▶ _EXERCISE_
Output only the lines from the line holding "Tofisa Lıla Abiye Elbise" through the close of the records, exactly as they appear, with all pictures omitted.

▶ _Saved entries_
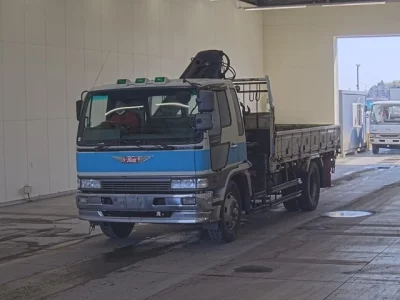 Hino RANGER  с аукциона в Японии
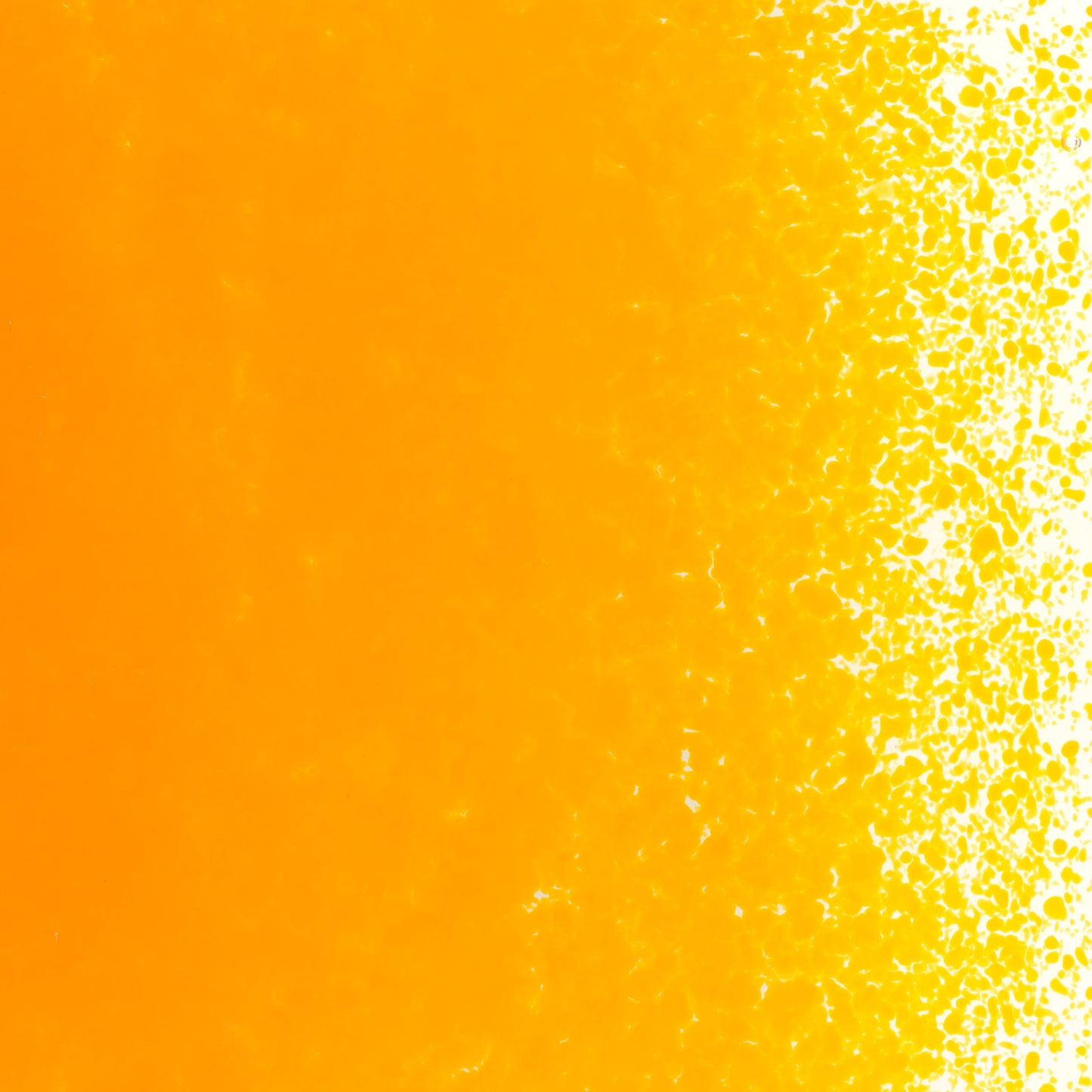 Pumpkin Orange Opal (0321), Frit, Fusible, 5 oz. jar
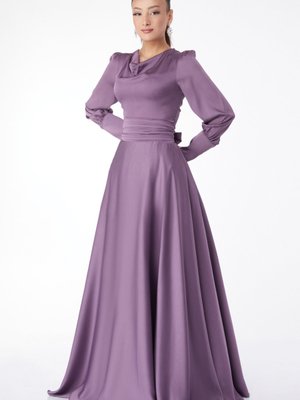 Tofisa Lıla Abiye Elbise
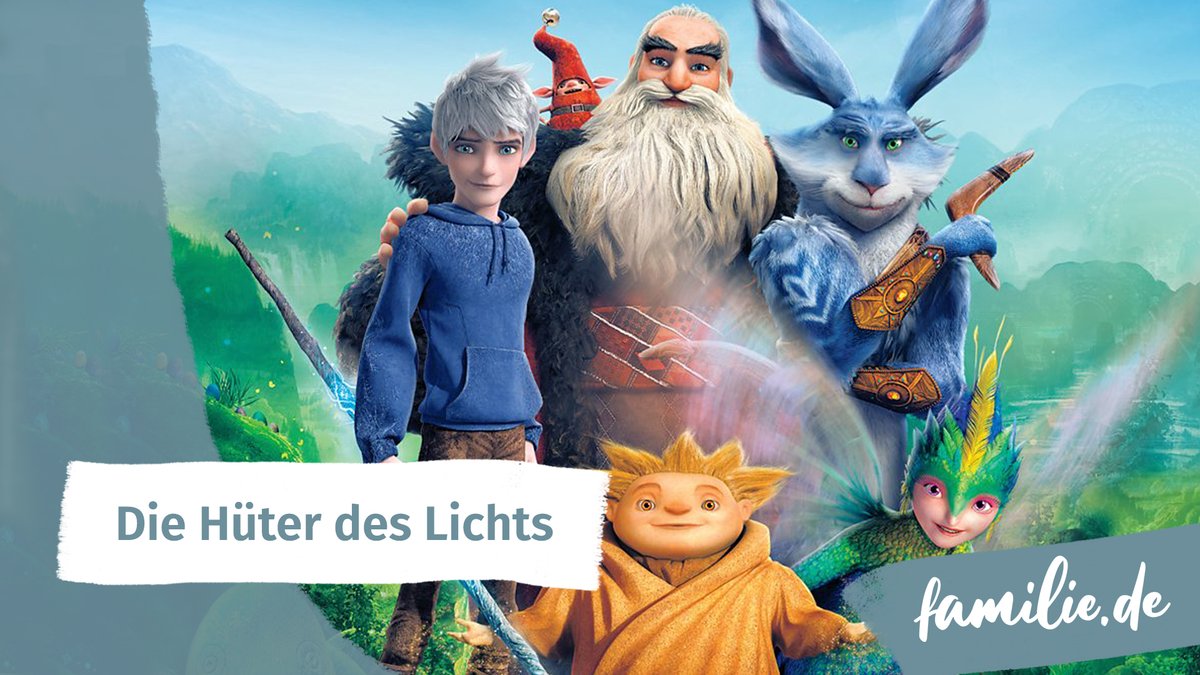 Die Hüter des Lichts Trailer Die Hüter des Lichts Trailer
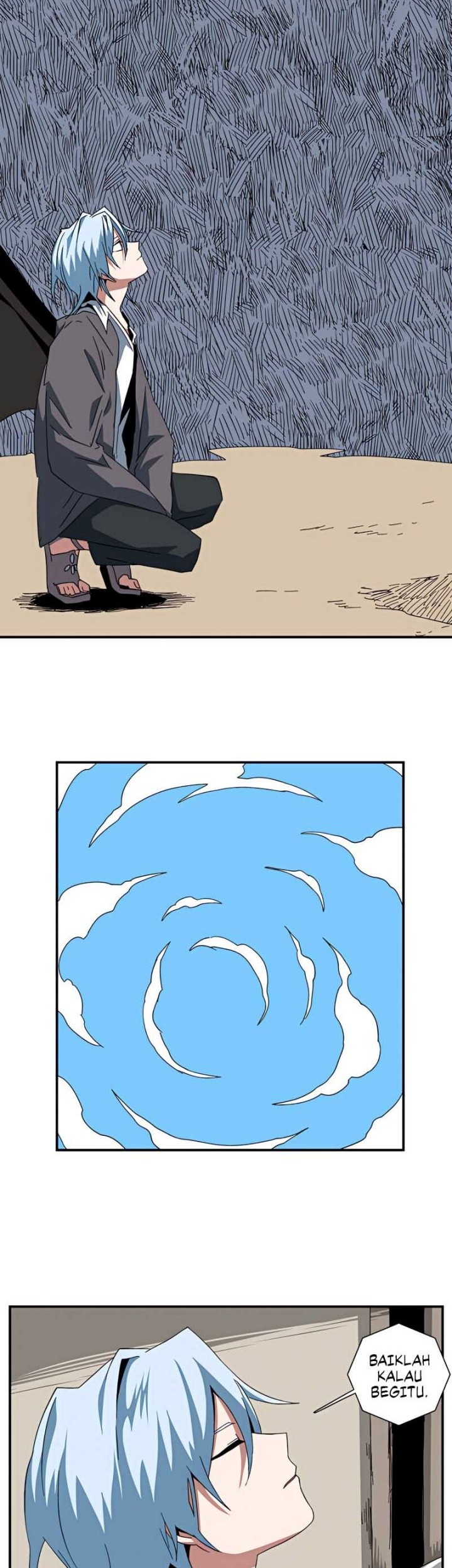 One Step to The Demon King Chapter 76 Gambar 13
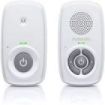 Motorola Nursery AM21 Vigilabebes de Audio - Alcance hasta 300m en Exterior y 50m en Interior - Conexion DECT - Color Blanco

▶ _EXERCISE SOLUTION_
 Tofisa Lıla Abiye Elbise
 Die Hüter des Lichts Trailer Die Hüter des Lichts Trailer
 One Step to The Demon King Chapter 76 Gambar 13
 Motorola Nursery AM21 Vigilabebes de Audio - Alcance hasta 300m en Exterior y 50m en Interior - Conexion DECT - Color Blanco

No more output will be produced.